Mentari yang menebarkan sinar kedamaian telah merasuk ke dalam setiap celah-celah kamarku. Memberikan isyarat jika hari ini aku harus bangkit dan mengahadapi duniaku kembali. Selesai mandi dan siap-siap, kemudian jalanan yang telah ramai sudah menerimaku menjadi bagiannya. Sesampainya di gerbang sekolah, ternyata suasana telah ramai. Dan tak sadar di belakangku telah berdiri teman karibku yang bernama Wawan.
“sabar sob, mungkin dia memang bukanlah yang terbaik bagi hidupmu”. Wawan memberikan support kepadaku dalam menghadapi masalah ini. sob adalah sapaan akrab kami berdua. Sebab namaku adalah Obie.
“yups, Thanks ya?”. Jawabku singkat tanpa ekspresi.
“Tuhan itu Maha Tahu apa yang dibutuhkan dan terbaik bagi hamba-Nya”. Wawan melanjutkan nasihatnya sambil berjalan mengikuti langkah kakiku menuju ke kelas yang mulai ramai.
Siang sepulang sekolah kemarin, seorang cewek yang bernama Jingga telah meninggalkan aku. Memang belum terhitung lama kami tertaut dalam tali asmara ini. Baru satu tahun. Namun bagiku Jingga telah mengisi sebagian kekosongan jiwaku. Alasan yang ia utarakan untuk perpisahan aku dengannya memang masalah yang tak dapat dielakkan lagi. Jingga telah termakan budaya zaman Siti Nurbaya. Ia telah dijodohkan oleh kedua orang tuanya. Meski alasan itu dapat aku terima, namun itu terlalu sulit untuk masuk ke dalam alam fikir sadarku.
Aku hanya mampu diam dan menundukkan kepala ketika ia mengutarakan maksud dan alasannya untuk meninggalkan aku. Dalam hati aku selalu berharap yang terjadi saat itu adalah sebuah mimpi. Dan tak kan pernah terjadi dalam hidupku. Tapi itulah kenyataan. Datang untuk dihadapi bukan untuk dihindari, meski harus menyisakan perih di hati..

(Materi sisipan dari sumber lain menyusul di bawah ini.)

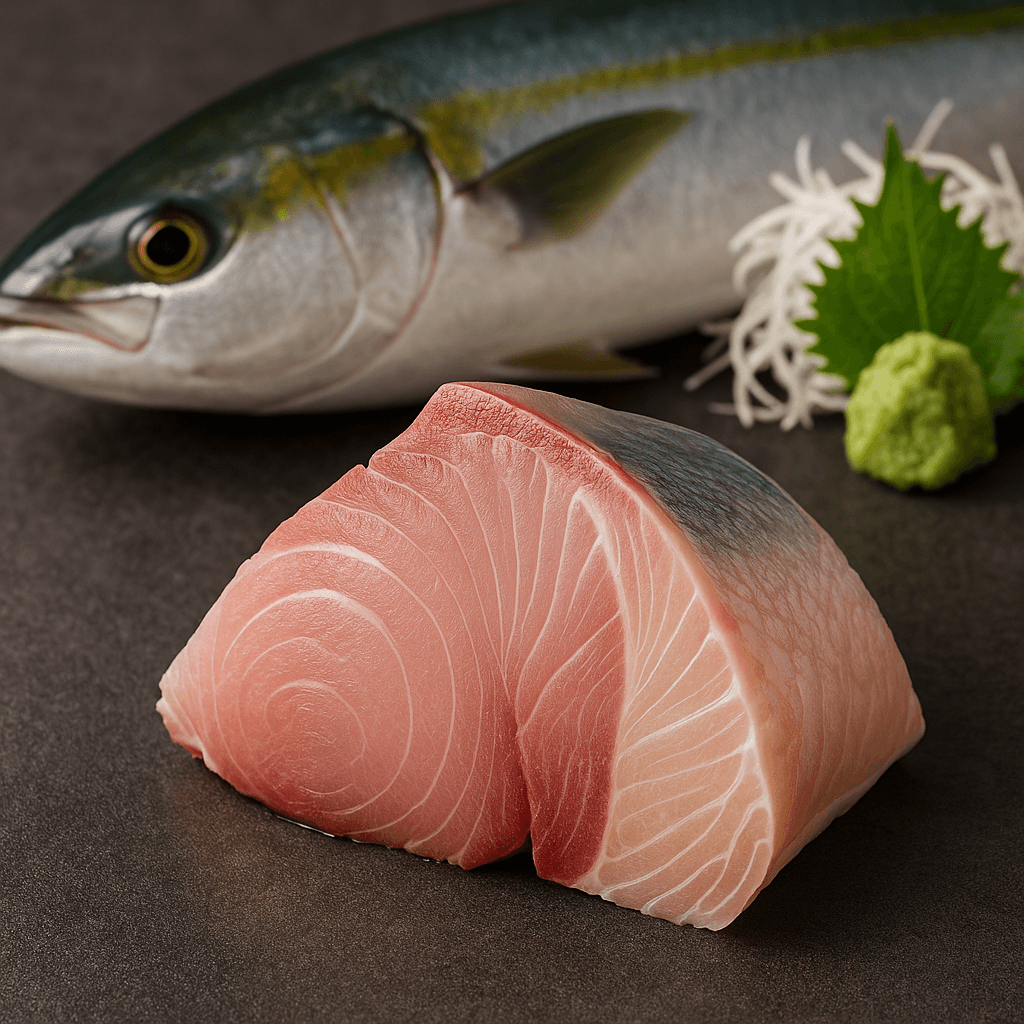 겨울 방어, “기름이 대리석처럼 퍼지는 계절의 왕”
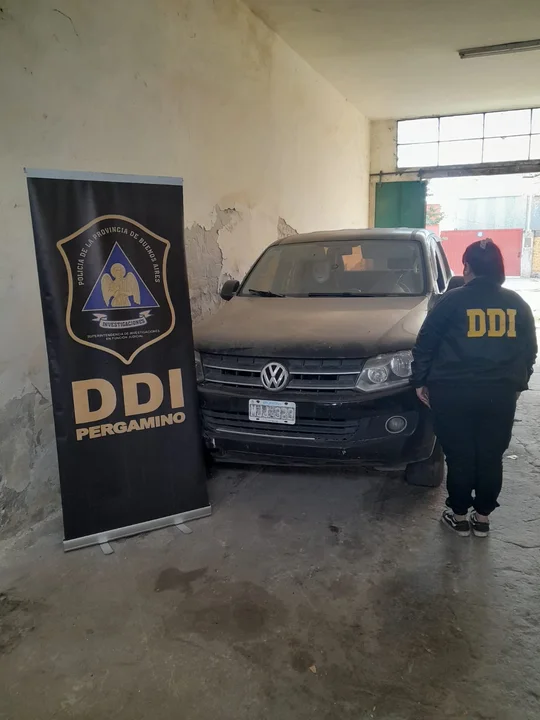 San Francisco: Secuestraron vehículos vinculados a robos en Buenos Aires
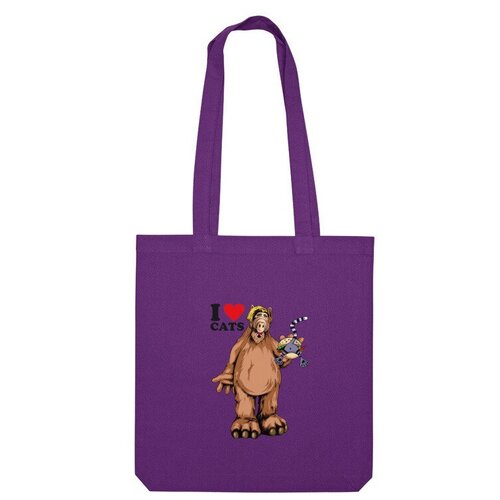 фото Сумка us basic, фиолетовый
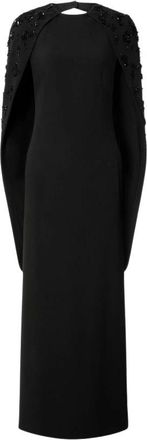 Alberta Ferretti Mujer, Vestidos, Negro, Talla: S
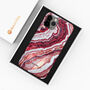 Ruby Onyx Marble Case For iPhone, thumbnail 1 of 4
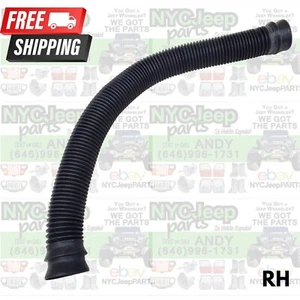 Pasajero derecho 97-06 Jeep TJ Wrangler tablero manguera de ventilación descongelación aire 1 pieza - Imagen 1 de 17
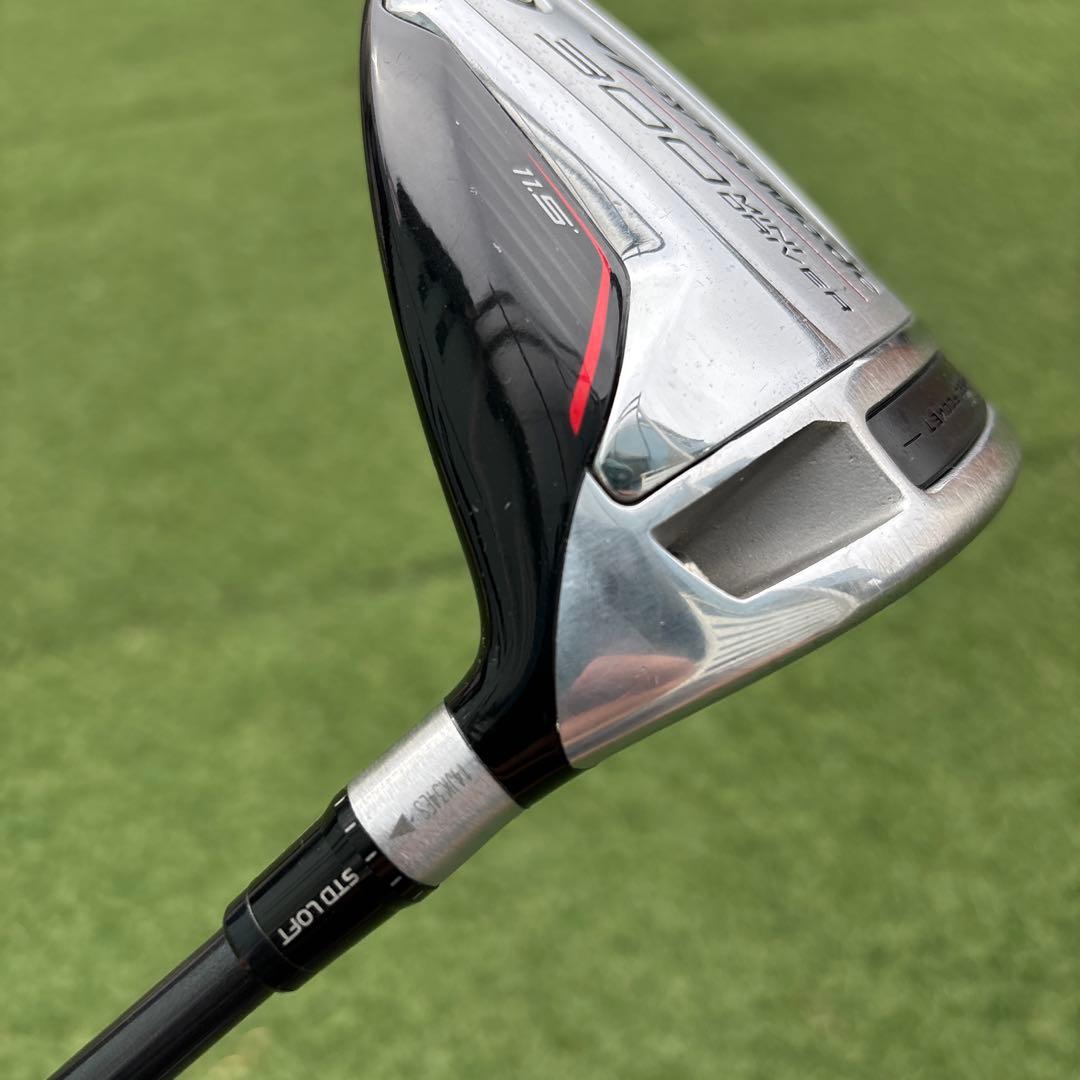 TaylorMade 300 Mini D 11.5度 シャフト付き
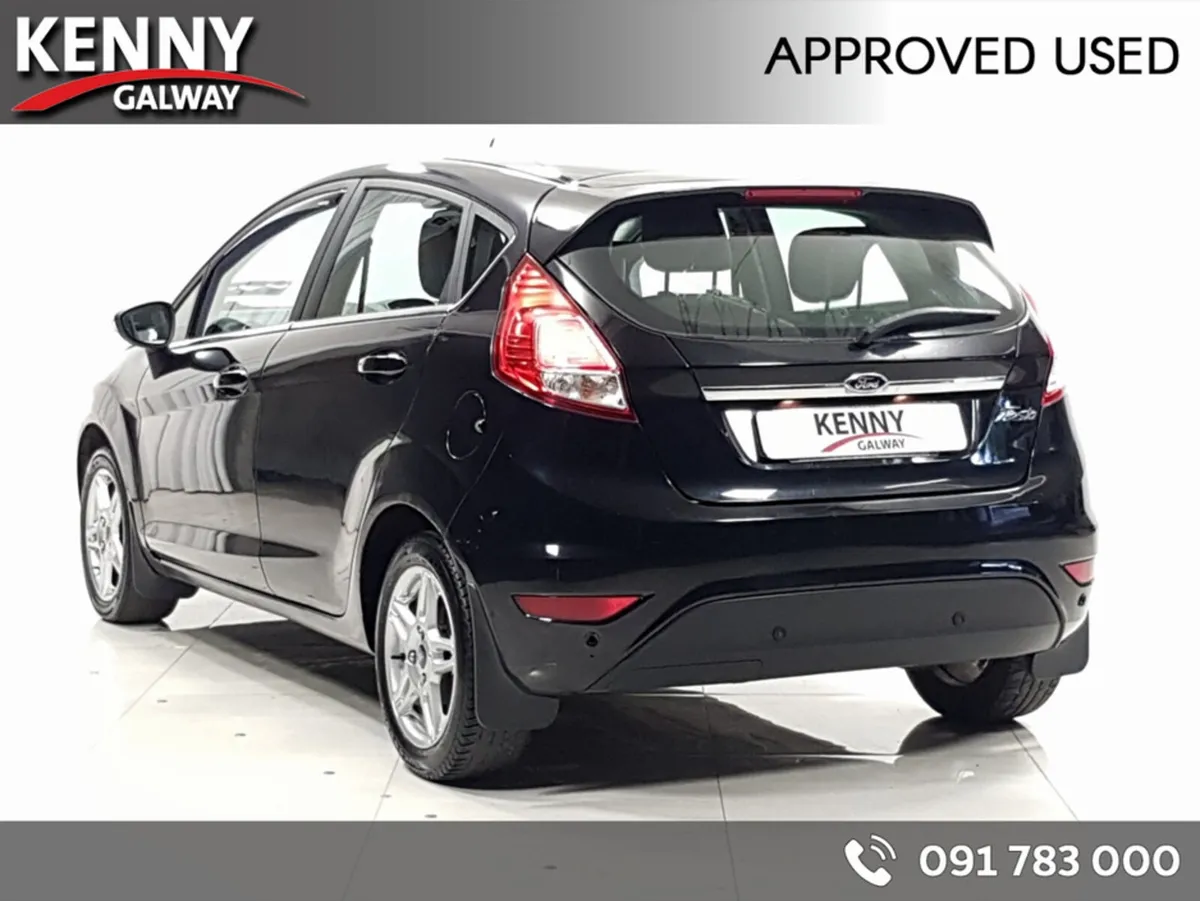 Ford Fiesta MCA TITANIUM 1.25 60PS M5 4 4DR - Image 3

Hamparan-hamparan tanah luas yang dulu pernah menjadi tempat kami saling berbagi dan becerita kini tinggallah saksi bisu yang kusam. Syair-syair puisi yang dulu ku rangakai untuknya saat ini hanyalah kata-kata lusuh yang menyumpal gendang telinga bila dilantunkan. Harapan-harapan yang dulu kita ucapan sekarang tak lain adalah kenangan yang menyakitkan.
“kuda apa yang paling membuat aku merasa bahagia?”. Ucap Jingga tiba-tiba dengan manja, tiga hari sebelum menyatakan perpisahan denganku di atas sebuah bukit yang terletak tak jauh dari kawasan kota Jogja
“em. . ., apa yach . . .?”. jawabku sok bingung. Padahal menurutku jawaban itu tak begitu berarti, yang penting saat itu aku merasa bahagia dapat selalu dengannya.
“kuda-pat memiliki hatimu dan meraih cintamu”. Jingga melanjutkan jawabannya dengan suara syahdu sambil mendekatkan wajahnya ke wajahku. Pada saat itu jiwaku seakan melayang terbang bersamanya mengarungi samudera lepas.
Kini semua kisah itu hanyalah sisa-sisa puing kenangan. Namun aku akan selalu mencoba bangkit menghadapi realitas hidup ini. Aku akan mencoba mengukir kisah cinta baru di hari yang banyak disebut oleh orang-orang adalah hari kasih sayang ini. Valentine’s Day.